Only forty centimeters deep, the clear water of the Sihl rushes northwards over a rocky river bed. Dog walkers and cyclists drift past the reeds, alders, beeches that line the lush banks of this natural idyll in the centre of the city. Less than a kilometer to the east another river flows from Lake Zurich through the city between precisely constructed stone embankments. Ferries run along the Limmat while bridges connect the banks, sometimes so wide as to become a market square over water. Between the soft wetlands of the Sihl and the engineered urbanity of the Limmat the Schanzengraben cuts a deep moat retracing the last defensive geometry of the once fortified city.

Yet despite appearances, it is the Sihl, more than the Limmat that is the product of human design and construction. The path of the Sihl through the city has been made and remade many times over the centuries to suit differing human requirements providing power to industry and transport for goods and materials and, perhaps most importantly, as a means of controlling the natural flooding caused by overflows of the river delta that flowed into Lake Zurich. Zurich’s central street pattern can be read as a great network of drainage channels to protect the city from the glacial flooding that still threatens the city centre. The Limmat sustains a dignified urban presence in the city along the natural path set by ancient geological deposits.

Despite all the human intervention both recent and ancient, the Sihl is neglected, making a faltering passage through the city associated with being without the walls, i.e. outside the city proper, literally in the medieval city and maybe more psychologically in modern times.

This is not to say that the Sihl is without qualities. As it winds through the city it has moments of beauty (Sihlhölzli), or surreal juxtaposition below the underbelly of infrastructure (Enge to Wiedikon) or simply laconic indeterminacy in between.

Theme A invites you to reconsider the potential of the Sihl to enrich the territories and spaces it traverses. It can be considered as a linear public space whose urban and ecological character could enhance the city it passes. On the other hand, it could be considered as a series of cross sections with specific spatial and programmatic properties on each side connected by the river banks. More radically but not without precedent (you only need to look at the Romans, 19th century engineers or 70’s utopians) the design task may be the river itself as a single artefact.

The Sihl is a piece of landscape infrastructure which is both singular and a sequence of changing conditions creating rooms in the city. The dam at Sihlsee manages the flow of water along its length but the river banks are not continuous. The task can consider the totality of the urban Sihl and its embankments, a continuous public space extending from Letten to Sihl City and beyond. On the other hand, the project may be more restricted to specific places across the river where the city would benefit from greater connectivity across the banks.

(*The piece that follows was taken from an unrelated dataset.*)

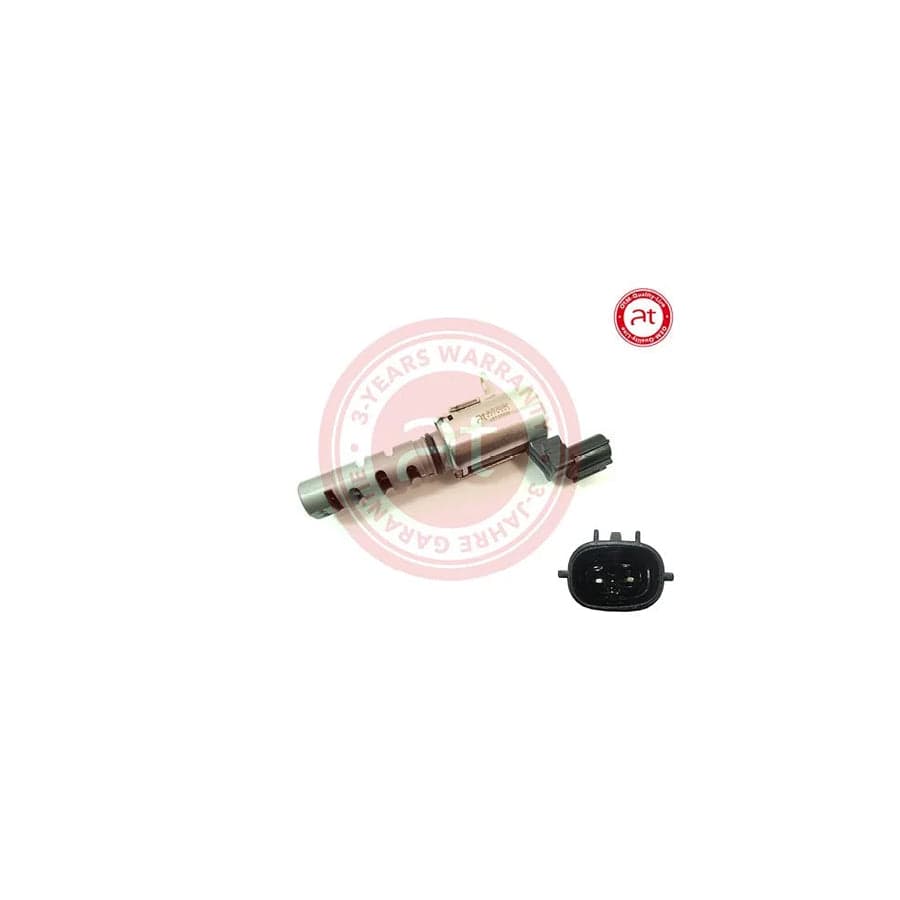 at autoteile germany At11568 Camshaft Adjustment Valve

Whether redesigning the riverbank, a bridge or densifying the city with new land, the project always remains a negotiation between the forces (and danger) of hydrology and the spatial structure of the city. But this is not a question simply of more development, but of potential to radically alter the identity of the city around its neglected river.

The Sihl is an opportunity for students working in urban design, landscape design, architecture or construction to engage the architectural imagination with the broader idea of the city from hydro engineering to a poetic derive.